Every so often a defendant will hire an expert that will look at pictures of the damage to a vehicle, and then pretend to tell the jury that the plaintiff couldn’t have been hurt based on damage to the vehicle.
You saw that word “pretend,” didn’t you?
When people talk about “junk science” it is usually defense-minded folks looking to blame plaintiffs’ lawyers for some crazy theory of injury. But I see the other side when it comes from less-than-candid defense experts (such as this).
The phrase junk science likely popped into the head (but not the written opinion) of Justice Arlene Bluth recently, as she sat in her New York County Supreme Court motor vehicle part (which, for you out-of-towners, is our top trial level court).
What Justice Bluth wrote in her recent decision in Neat v. Pfeffer is applicable to anyone in any part of the country, as she gives a road map to exposing the junk. So it is worth reading even if you hale from elsewhere.
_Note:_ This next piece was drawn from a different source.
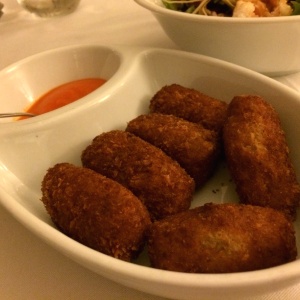 Croquetas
The context of her decision is an attempt by Dr. Robert Fijan to testify about both the forces on a car in a collision and whether the plaintiff could have sustained her injuries from this collision. Justice Bluth ruled that while he could testify as to the former, he couldn’t testify to the latter, concluding that if he testified about the injuries it would be junk science (again, not her words, but mine).
Why junk? Read on…
Cynthia Neat was a back seat passenger in a taxi that was rear-ended. Dr. Fijan — who is a Ph.D. and not an M.D., which makes a pretty big difference in this context — wanted to testify about both the severity of the impact and the claim that the plaintiff could not have suffered a rotator cuff and SLAP tears as well as a torn meniscus in her knee, among other injuries. And he wanted to do this based solely on a single black and white photograph of the taxi she was in.
So Justice Bluth ordered a Frye hearing to test the scientific basis of such testimony to see if if was generally acceptable in the scientific community. And she then proceeded to deconstruct why D. Fijan, who is not an M.D., couldn’t testify about whether the injuries were caused by the collision:
First, there was no significant peer-reviewed literature validating his methods. As per Justice Bluth, noting the difference between theories of force in a lab, and those in the real world:
He testified that in order for a ligament to tear, it must be stretched to a certain point; in order for a bone to break, there must be a specific amount of force and bending. Understandably, experiments cannot be performed on live people – it would not be appropriate to ask volunteers to participate in crashes so their injuries can be measured. Additionally, it makes sense that a 75 year old woman with osteoporosis may suffer a broken bone with less force that it would take a 25 year old man’s bone to break, and a swimmer’s shoulder muscles may withstand more strain than those of a sewing machine operator.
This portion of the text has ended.